Thanks David, yeah I think there the RVW Boult set is part of that series on EMI - the cover design is familiar. Look like reasonable price too .. nice.


----------



## emiellucifuge

Seeings as you are not new and it is probably nice to expand your borders, why dont you try Myaskovskys Complete Symphonies.

Soviet composer from the era you mention.


----------



## Jaime77

I read recently that Rostropovich thought very highly of this composer, ranking him with Prokofiev. Must check this out.


----------



## Ravellian

I recently bought the entire set of Wagner Operas in a set called "Great Operas from the Bayreuth Festival," for about $65 in USD, so that's maybe 35 pounds? It's a great set, too, with probably the best recording ever of Tristan, and a great Ring cycle.


----------



## Mirror Image

emiellucifuge said:


>


That's a great set! I've been making my through it recently. I'm only on Disc 4!
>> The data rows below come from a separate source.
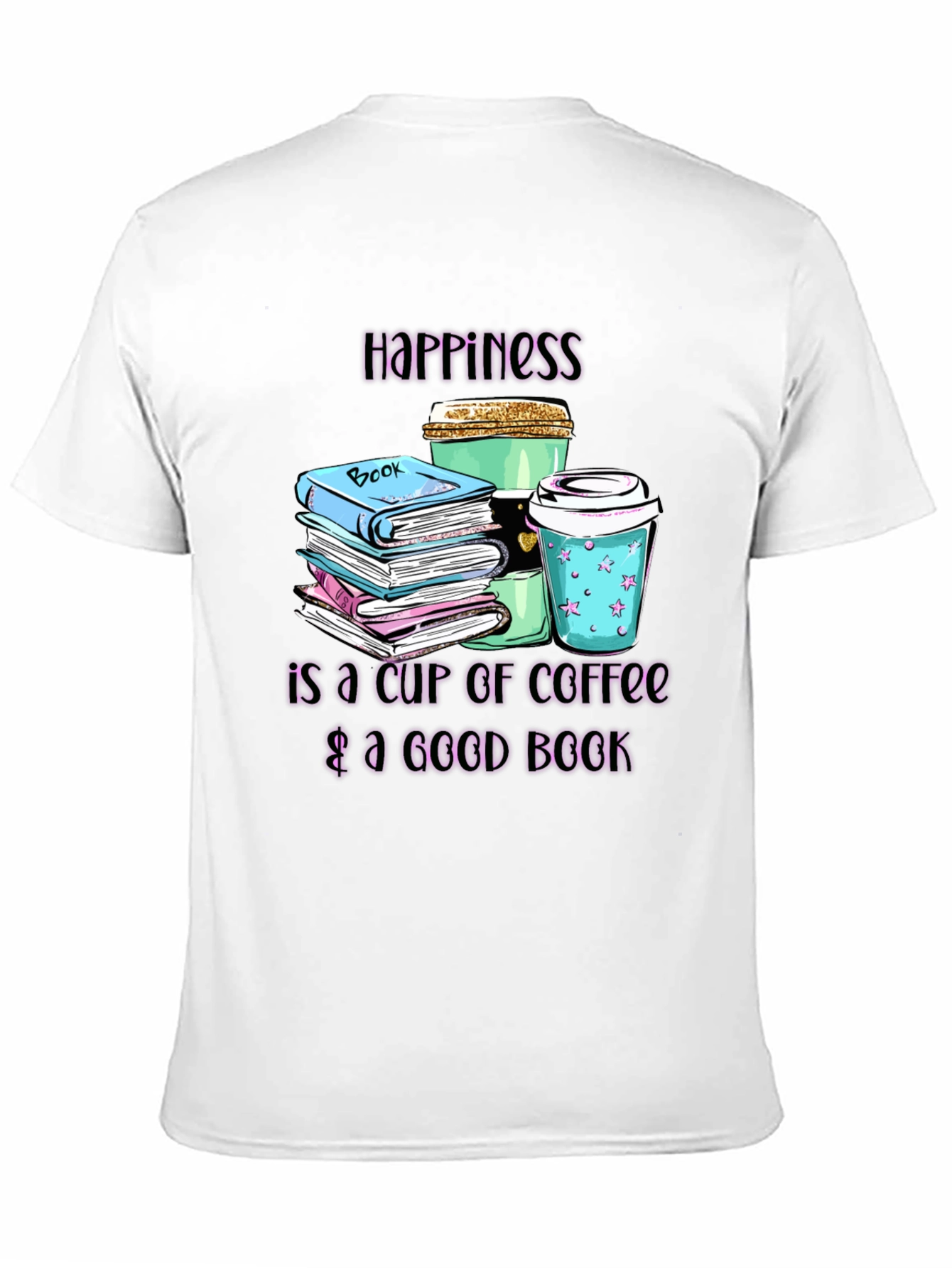 Happiness Coffee & Books Graphic Tee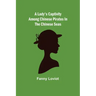 A Lady's Captivity among Chinese Pirates in the Chinese Seas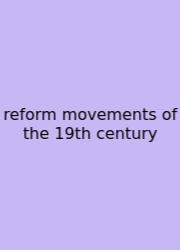 Reform Movements Of The 19th Century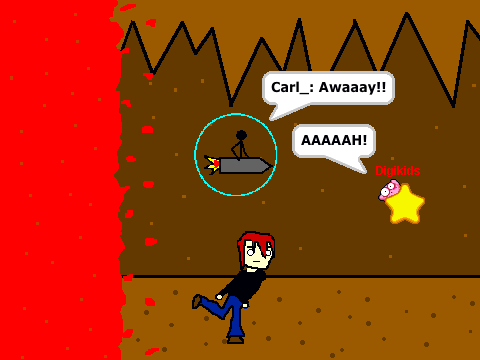 Add yourself running away from lava!!!!
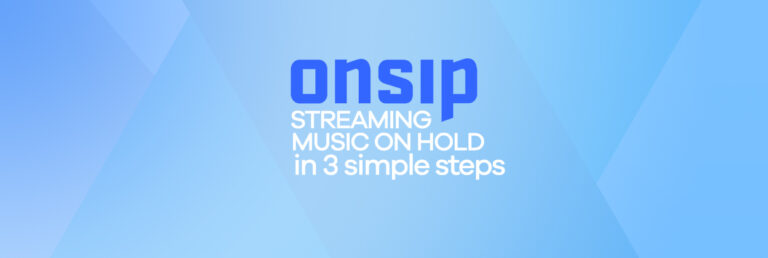 Easy On Hold | Blog - streaming music on hold in onsip in 3 simple steps title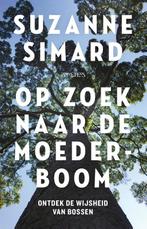 Op zoek naar de moederboom 9789044639551 Suzanne Simard, Boeken, Verzenden, Zo goed als nieuw, Suzanne Simard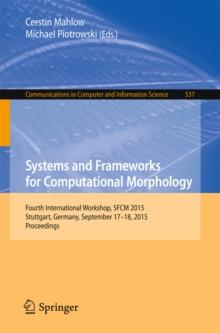 Systems and Frameworks for Computational Morphology : Fourth International Workshop, SFCM 2015, Stuttgart, Germany, September 17-18, 2015. Proceedings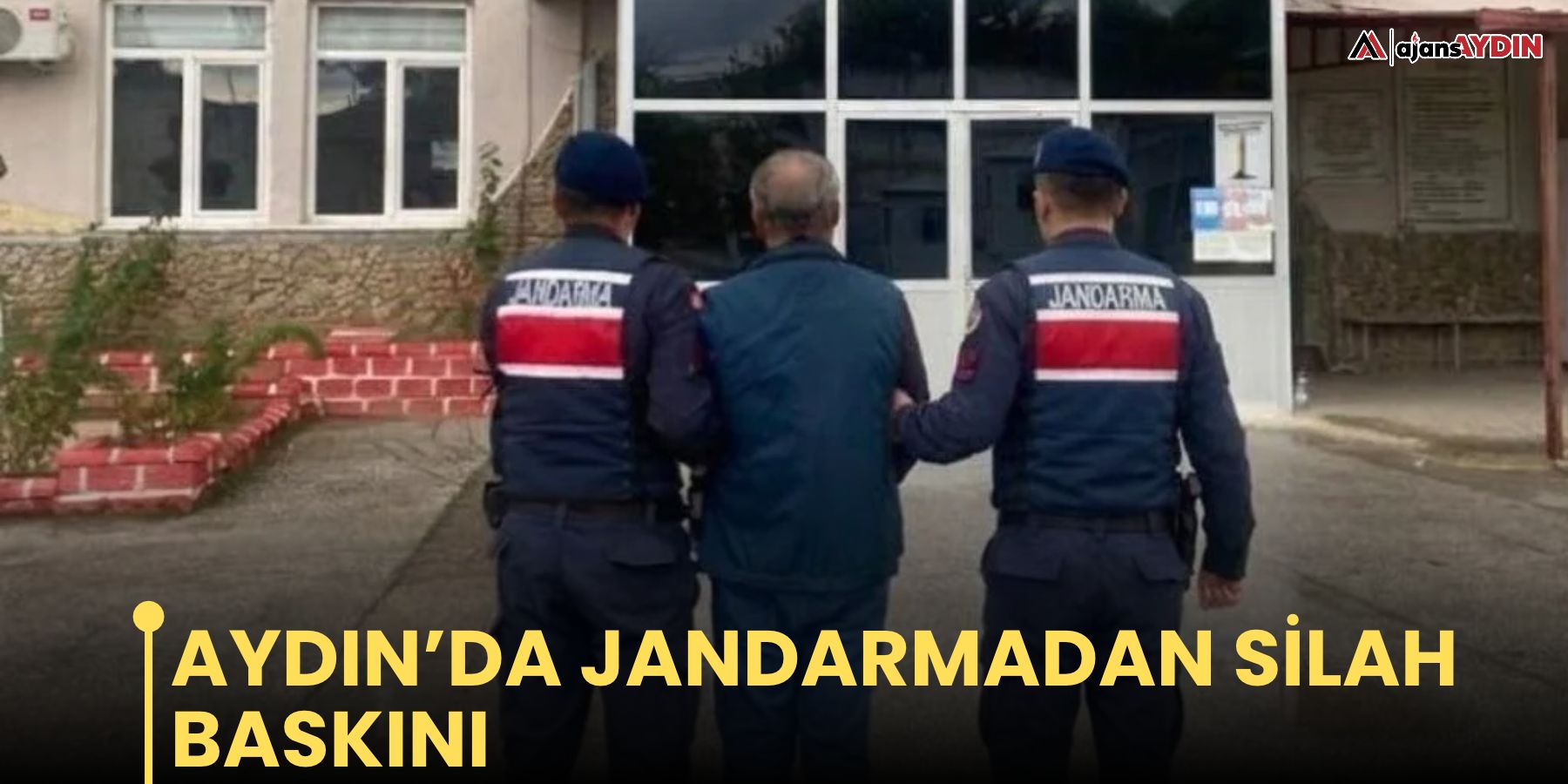 Aydın’da jandarmadan silah baskını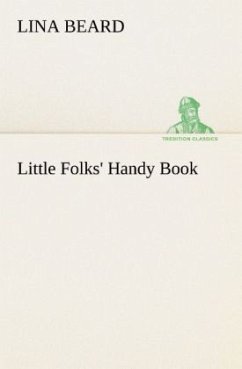 Little Folks' Handy Book - Beard, Lina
Anyway, I was particularly moved by Symphony No. 25. Love the way it started off with that Adagio in the first movement. I want to get his concerti at some point down the road. This set will keep me busy for a while.


----------



## Chi_townPhilly

Ravellian said:


> I recently bought the entire set of Wagner Operas in a set called "Great Operas from the Bayreuth Festival," for about $65 in USD, so that's maybe 35 pounds? It's a great set, too, with probably the best recording ever of Tristan, and a great Ring cycle.


Yup... I picked up the "Wagner Cube" last year. Whether some of the renditions there are _the best_ is probably a matter for another time, and possibly another thread... but I will agree with you that there are plenty of 'top-shelf' discs there, and the set is outstanding value for money!


----------



## emiellucifuge

Yes Myaskovsky was a life long friend of prokofiev!


----------